About this task
Return the lines of the data below exactly. Start at the first and end with the line containing "thyroid awareness month".

Excerpted records
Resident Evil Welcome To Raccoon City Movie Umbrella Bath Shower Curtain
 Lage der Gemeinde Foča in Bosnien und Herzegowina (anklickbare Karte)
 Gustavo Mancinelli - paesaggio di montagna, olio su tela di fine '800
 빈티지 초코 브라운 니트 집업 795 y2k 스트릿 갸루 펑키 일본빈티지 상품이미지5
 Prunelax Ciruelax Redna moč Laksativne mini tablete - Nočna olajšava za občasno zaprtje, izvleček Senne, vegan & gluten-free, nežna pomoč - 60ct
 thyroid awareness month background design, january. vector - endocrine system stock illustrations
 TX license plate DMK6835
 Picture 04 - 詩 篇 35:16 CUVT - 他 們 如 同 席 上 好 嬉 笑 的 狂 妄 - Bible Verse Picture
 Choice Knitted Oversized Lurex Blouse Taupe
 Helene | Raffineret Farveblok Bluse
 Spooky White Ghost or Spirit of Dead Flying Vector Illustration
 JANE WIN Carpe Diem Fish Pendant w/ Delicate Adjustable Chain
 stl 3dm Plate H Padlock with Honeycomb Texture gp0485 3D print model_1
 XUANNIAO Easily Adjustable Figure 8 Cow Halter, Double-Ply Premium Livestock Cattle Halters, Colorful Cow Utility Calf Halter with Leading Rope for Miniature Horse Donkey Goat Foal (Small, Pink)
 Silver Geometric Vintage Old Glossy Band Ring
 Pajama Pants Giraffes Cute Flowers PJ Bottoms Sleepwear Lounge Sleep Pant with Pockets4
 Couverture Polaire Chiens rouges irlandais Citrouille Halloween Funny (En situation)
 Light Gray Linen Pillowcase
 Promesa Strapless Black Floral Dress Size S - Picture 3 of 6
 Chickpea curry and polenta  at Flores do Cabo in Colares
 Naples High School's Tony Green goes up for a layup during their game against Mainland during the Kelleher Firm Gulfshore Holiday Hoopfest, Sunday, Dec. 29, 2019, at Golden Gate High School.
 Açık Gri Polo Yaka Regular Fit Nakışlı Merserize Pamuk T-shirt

Task answer
Resident Evil Welcome To Raccoon City Movie Umbrella Bath Shower Curtain
 Lage der Gemeinde Foča in Bosnien und Herzegowina (anklickbare Karte)
 Gustavo Mancinelli - paesaggio di montagna, olio su tela di fine '800
 빈티지 초코 브라운 니트 집업 795 y2k 스트릿 갸루 펑키 일본빈티지 상품이미지5
 Prunelax Ciruelax Redna moč Laksativne mini tablete - Nočna olajšava za občasno zaprtje, izvleček Senne, vegan & gluten-free, nežna pomoč - 60ct
 thyroid awareness month background design, january. vector - endocrine system stock illustrations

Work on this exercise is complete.